If we wanted a Linux that could be used like this, it'd be LGPL. That is exactly what the LGPL is for. Really. It's that simple.
I absolutely think people should think twice before blindly depending on or mashing up GPL software - at the moment they don't, and that's how we get these messes.
It's an important landmark in the history of the GPL and I find it completely weird that anyone would expect the conservancy to remain silent on it. In terms of their long-time resourcing problem, that's got nothing to do with this case and everything to do with VMWare pulling out all the stops to get their existing support pulled.
I rather suspect if the conservancy cared about their long-term survival and keeping everybody happy that much they simply wouldn't have pursued the VMWare case.
I've just read https://softwarefreedom.org/resources/2016/linux-kernel-cddl... - and whilst I still think the Conservancy is being reasonable, I can also see now how Canonical might have navigated itself toward its current position without being merely insane, malicious or self-serving.
> But we can't just pick which bits of a license...
Talk to people who work in legal aid agencies, and they'll tell you about triaging their limited resources; that they sometimes have to leave heartbreaking cases alone because other cases are more important. My point isn't about the technicalities of the case, it's about a group that is desperate for funds to merely 'keep the lights on' not triaging their limited resources appropriately.

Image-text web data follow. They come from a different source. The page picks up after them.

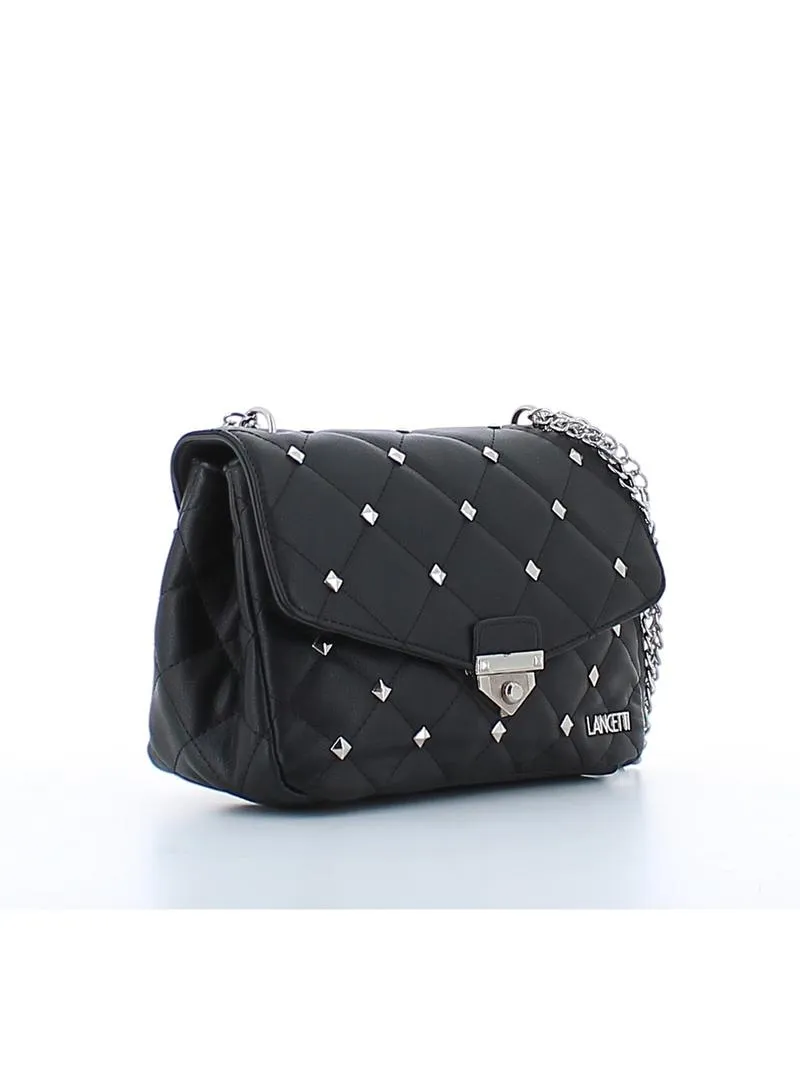 Lancetti Women Flap Bag Black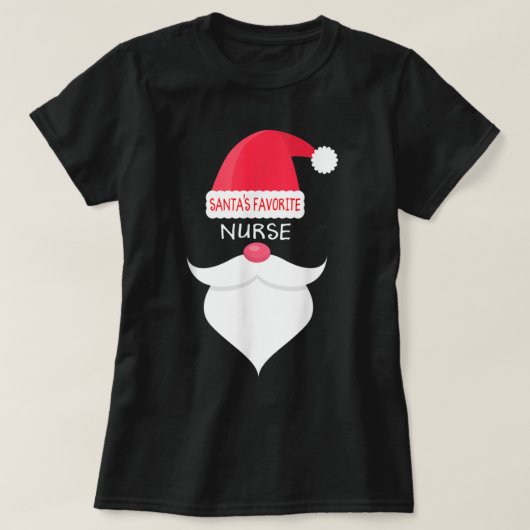 Grappig kerstverpleegster, favoriete verpleegster  t-shirt (Design voorkant)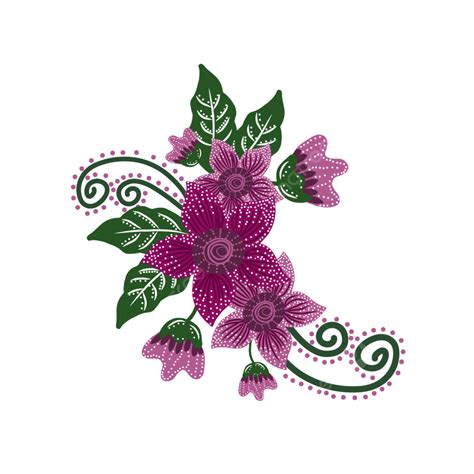 Indonesian Batik Png Picture Beautiful Indonesian Batik Flower Art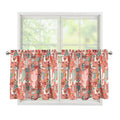 Happy Llama Pattern Print Tier Curtains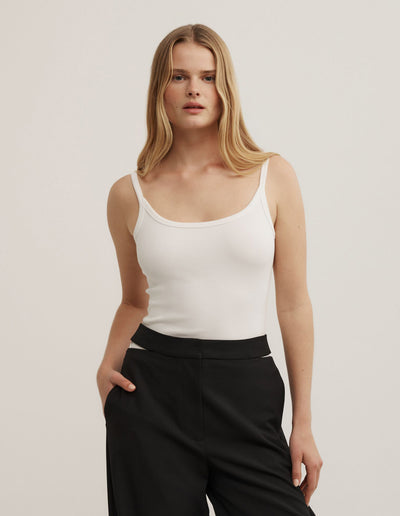 Open Back Tank Top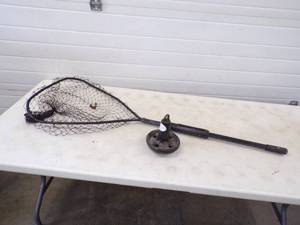 lot 39 image: Fish net with Scale and ruler and Boat Anchor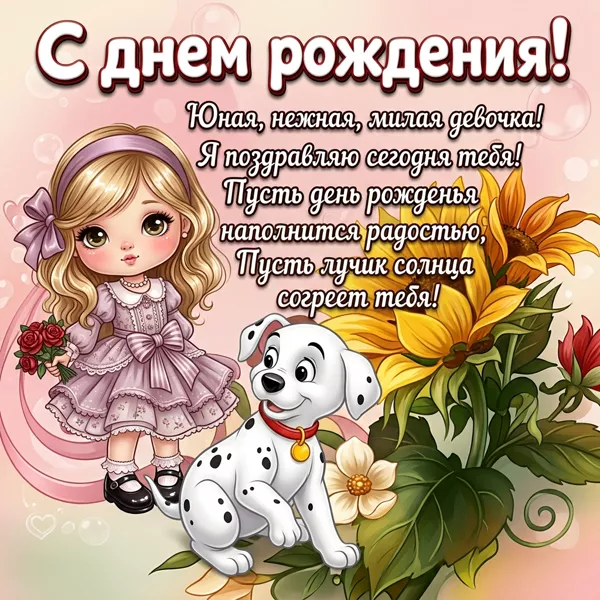 Картинка картинка с днем рождения девочке ребенку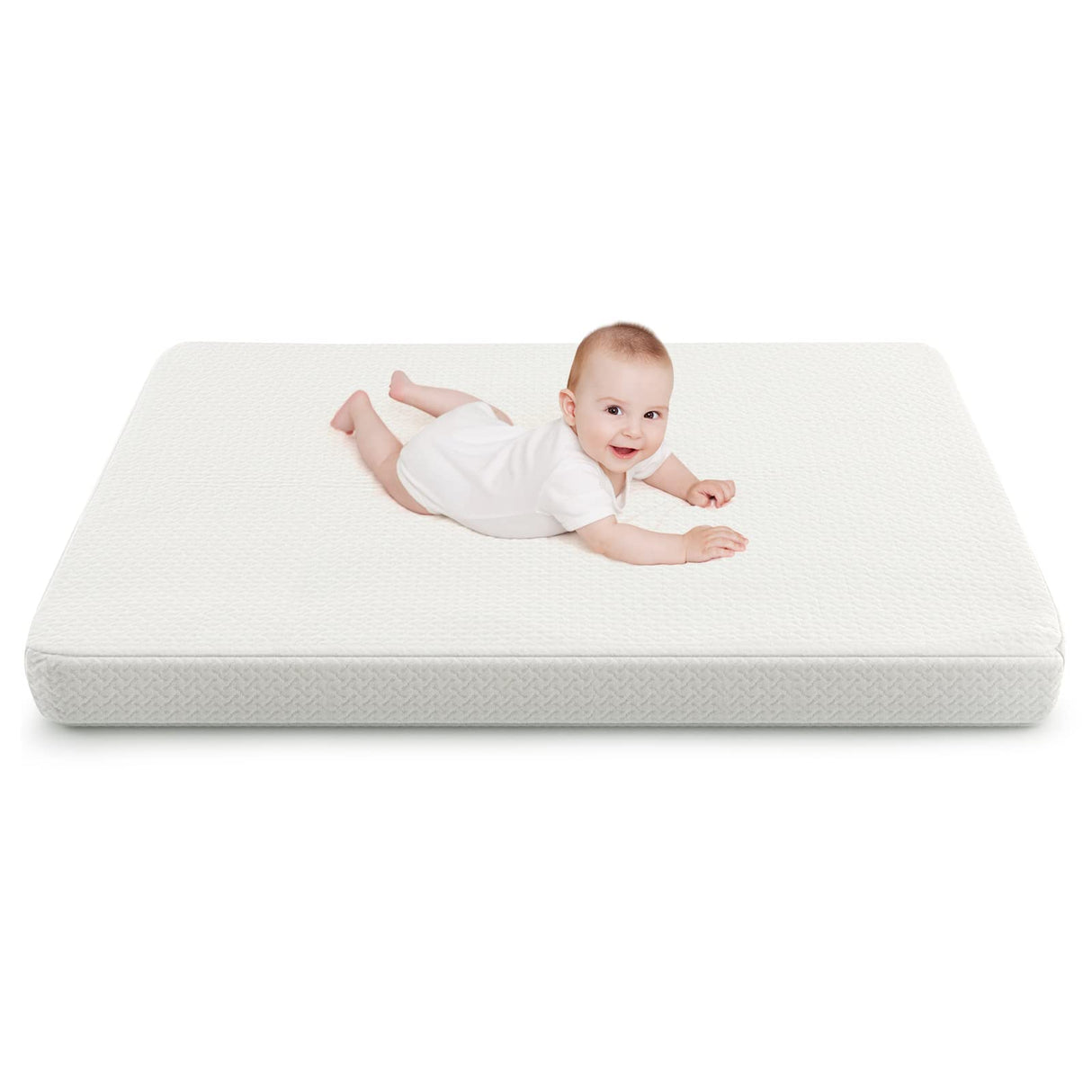 BABY JOY 97 x 68 cm Baby Cot Mattress, Dual Sided 8CM Thickness Toddler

On a tangent, I also wholeheartedly disagree with their contention that "almost there" is more painful than "absent". That is a piece of political bullshit (and I've recently ranted on progressives pissing on each other here https://news.ycombinator.com/item?id=11133321) and it smells to me more like they've got an axe to grind with Canonical and are looking for ammunition. It smells doubly that way because they give Debian a pass principally because they merely label the software 'contrib', and only secondarily because no binary is in contrib, only source.
Short form: The SFC wants to chase down GPL violators and has suboptimal funds. Would you prefer them to spend their resources chasing down the violations where the offender provides no source code, or the violations that can be sidestepped by typing 'make' into a terminal? Do you honestly believe that Oracle would be moved a single jot by Canonical putting up a wiki page that says "type make!" rather than provide the binary directly?